Companies across all sectors of the global financial system have pledged their support. The Glasgow Financial Alliance for Net Zero, launched in 2021 to coordinate companies’ efforts, has more than 550 members, including many of world’s largest banks, insurers, asset managers, and asset owners, such as pension and sovereign wealth funds. All have committed to support the transition to a net zero global economy, and together, they have responsibility for (though not full discretion over) more than $100 trillion in assets. Yet capital flows to green projects are still far too small. A recent study by the Rockefeller Foundation and BCG found that financing needs outweigh current flows by 66%.
Considering the historic shift that these commitments represent, the imbalance is not surprising. These are pledges from large institutions with many stakeholders. Getting even one such organization to begin a major change in how it deploys capital is no small feat. Securing buy-in from so many on an agreement so ambitious is a major achievement—and a critical first step in getting large-scale climate finance up and running.
All financial sectors are now pursuing next steps in figuring out how to apply the general principles of the alliance to a wide variety of activities, including bank lending, insurance underwriting, and stock and bond portfolio management. All sectors must adapt if climate finance is to reach a sufficient scale. But at this crucial juncture, asset owners have an opportunity to make an especially important contribution by increasing the role of private-market investments in their climate strategies.

The major private-market asset classes—private equity (PE), venture capital, real estate, and infrastructure—all present near-term opportunities for climate-focused investors. By allocating to climate funds, or by co-investing or directly investing in climate projects, asset owners can advance the net zero transition in several ways. They can drive valuable innovation, spur heavy emitters toward the rewards of decarbonization, and help make blended finance—the combination of private, public, and philanthropic funding and a vital ingredient in the transition—commercially viable. Asset owners can also gain insight into what’s ahead in this large and long transition.

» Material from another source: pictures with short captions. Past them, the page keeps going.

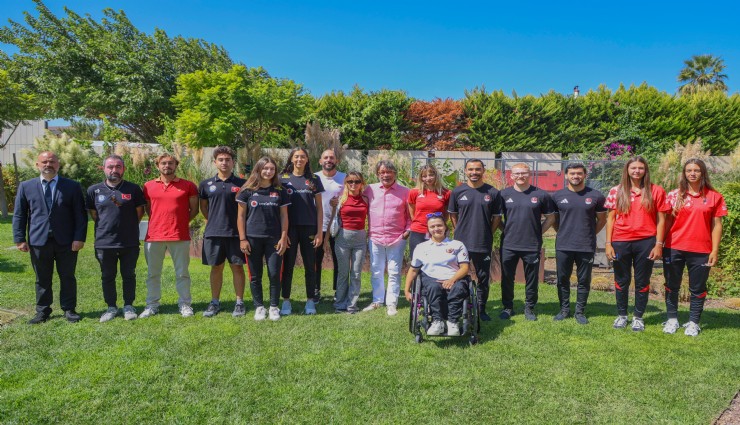 Mehmet Sepil, Göztepeli milli sporcuları ağırladı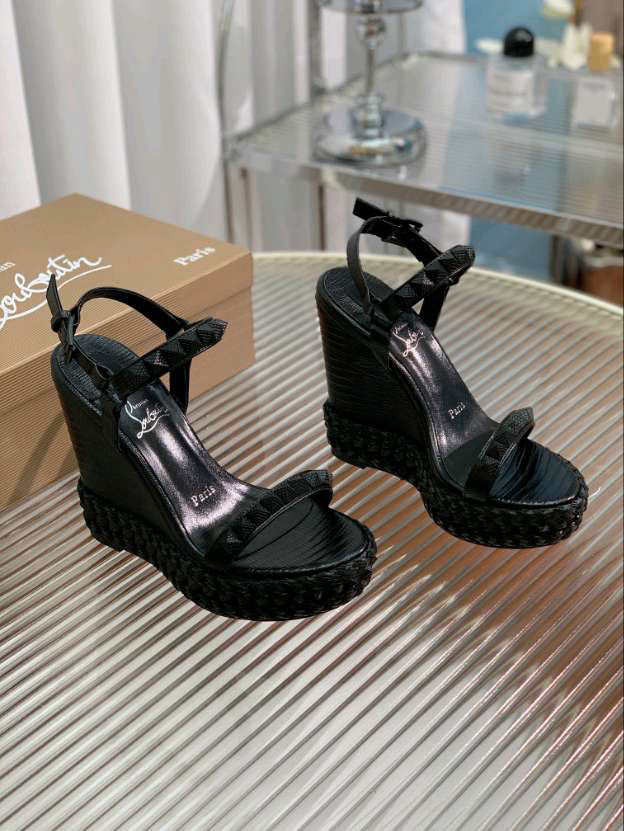 Black Studded L Wedges (PRE ORDER)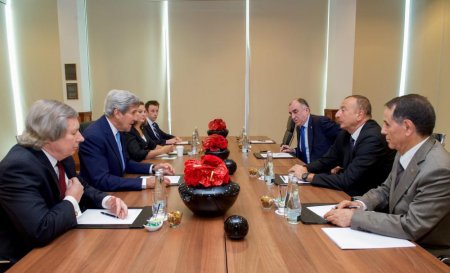 Prezident İlham Əliyev Varşavada NATO Sammitinin açılışında iştirak edib - YENİLƏNİB - FOTO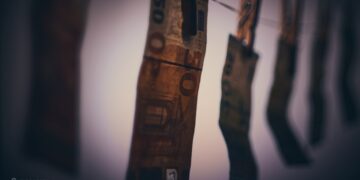 Baltijas valstīs aizturētas 32 personas saistībā ar teju 300 miljonu eiro PVN krāpšanu, kas saistīta ar organizēto noziedzību Baltijas valstīs aizturētas 32 personas saistībā ar teju 300 miljonu eiro PVN krāpšanu, kas saistīta ar organizēto noziedzību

Active management—the signature strength of private-market strategies—is especially useful in climate-focused investing. It gives investors the control they need to drive change as well as the time to accomplish it, without pressure from quarterly earnings cycles. It’s no coincidence that private-market investments have funded much of the global build-out for renewable power and are expected to be an equally big factor in the development of low-carbon hydrogen; carbon capture, usage, and storage technologies; and other advances that will help make infrastructure climate resilient.

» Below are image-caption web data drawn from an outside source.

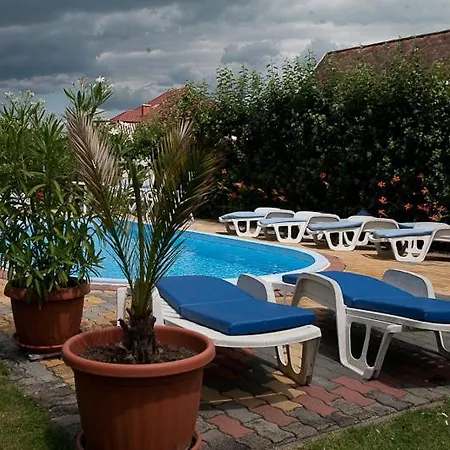 Guest house Holp Panzio *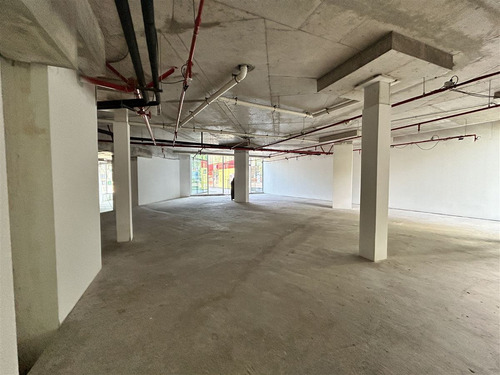 Local Comercial En Arriendo En Apoquindo / Av. Las Condes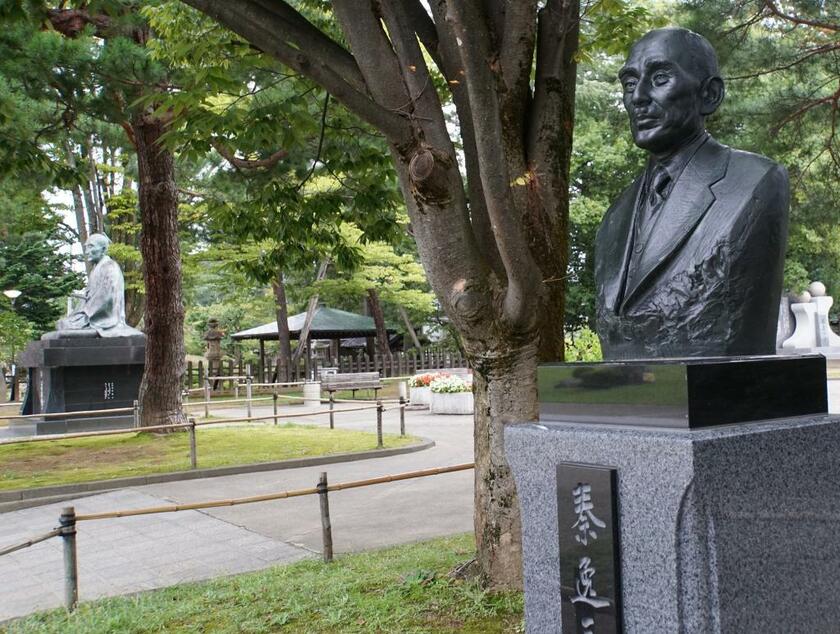 帝人創業者の秦逸三の像（右）と道を隔てて米沢藩中興の祖、上杉鷹山の像（左）が上杉神社近くに立っている（筆者撮影）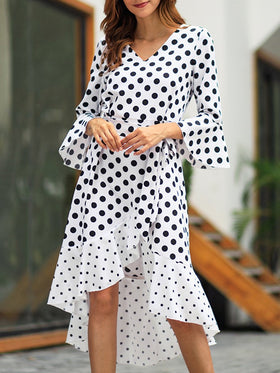 Robe à Pois et Col en V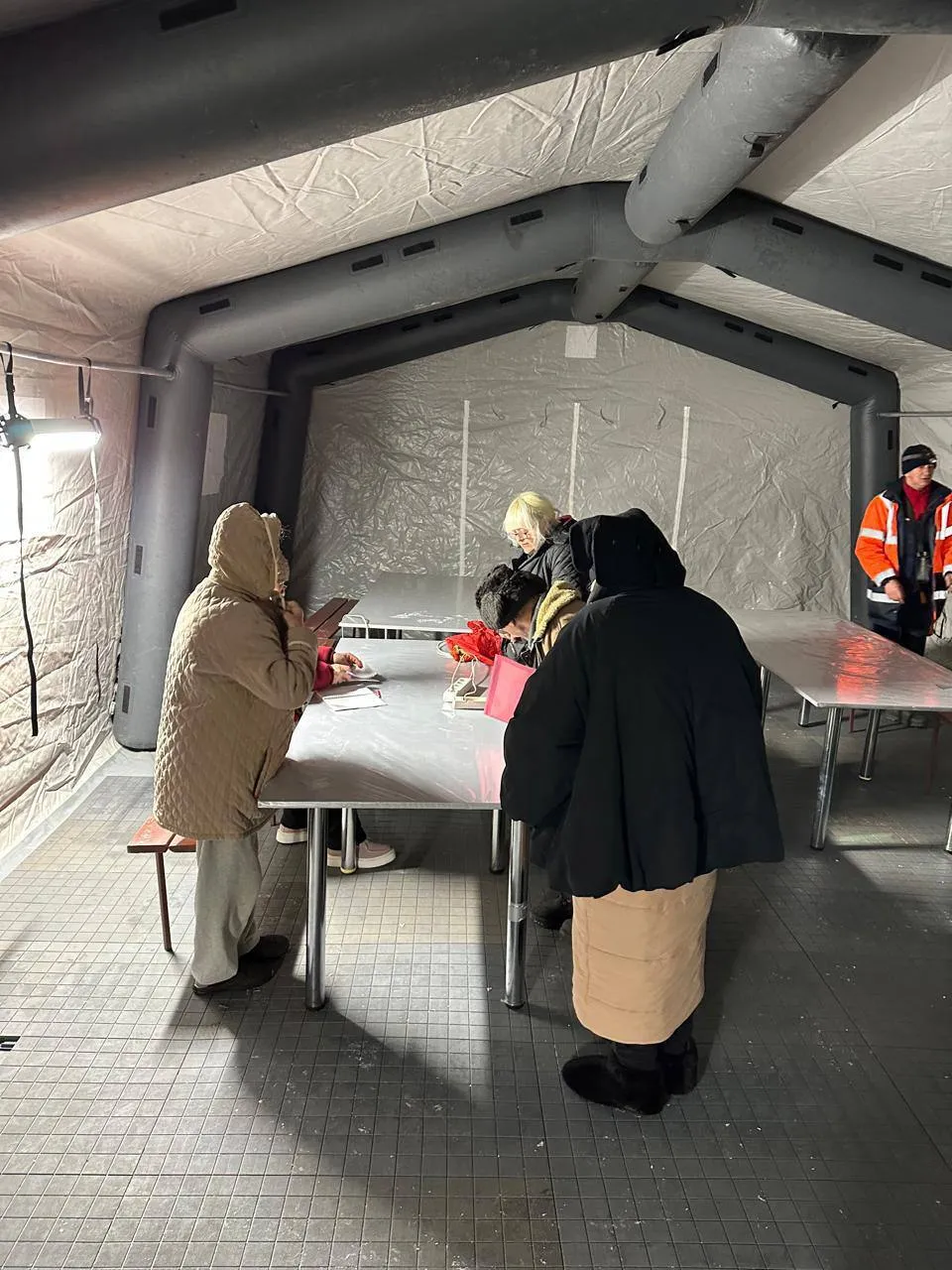 Росія атакувала Одесу: пошкоджено обʼєкт інфраструктури, є постраждалі. Фото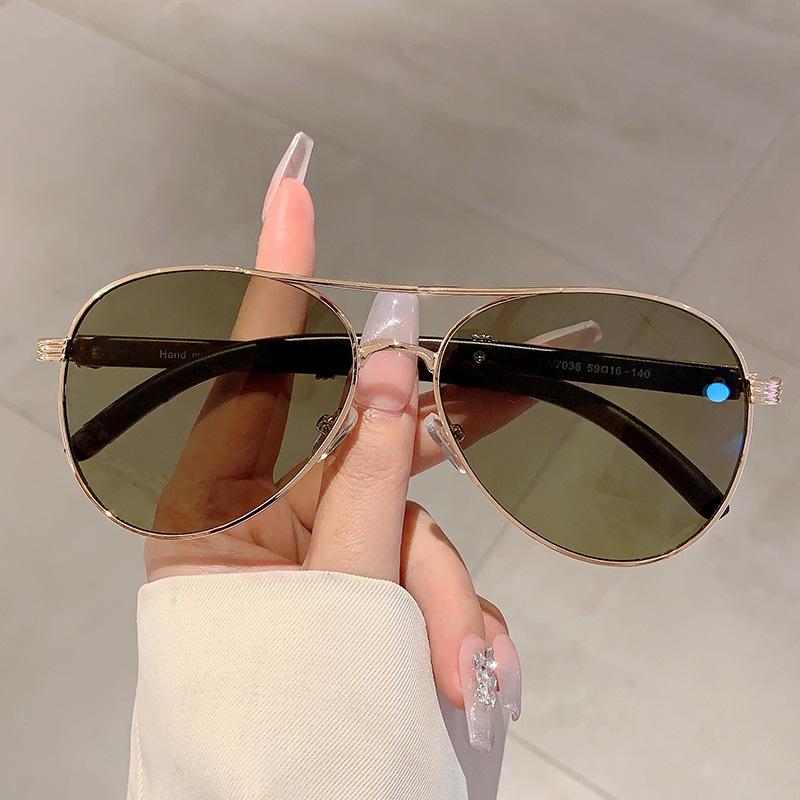 Классические очки-авиаторы Женские Для Мужчин Мужские Винтажные Солнцезащитные очки Дизайнерские Роскошные Панк Популярные Металлические Очки для Вождения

Private-market investments already play an important role in the allocations to climate solutions that some asset owners include as part of their climate strategies. Leading asset owners have set ambitious targets. For example, the Canada Pension Plan Investment Board (CPPIB), a major PE and infrastructure investor, aims to increase its holdings of what it calls green and transition assets from $50 billion to $97 billion by 2030.
In addition to helping the planet, asset owners can build valuable expertise by pursuing climate-focused private-market investments. For example, although many investors are researching decarbonization pathways at an industry level, CPPIB is leading the development of a bottom-up framework for assessing the greenhouse gas abatement capacity of individual companies. It is gaining firsthand knowledge of the practical aspects by applying the framework to its own portfolio.
Similarly, as blended finance evolves to take on the major climate challenges in the developing world, investors with a seat at the table—such as Temasek and CDPQ, both of which have launched blended finance initiatives—can help shape the definitions and methodologies needed to create standardized, scalable capital structures.

Amid growing demand for investments that are focused on climate solutions, asset managers are launching more funds. The number of climate-oriented funds launched in the infrastructure, buyout, growth equity, venture capital, and hedge fund categories has grown at a 7% annual rate since 2016, with 113 such funds started in 2022, according to data from the PEI Group and Climate Tech VC. The amount of capital raised for such funds reached $75 billion in 2022, a 29% increase from the prior year.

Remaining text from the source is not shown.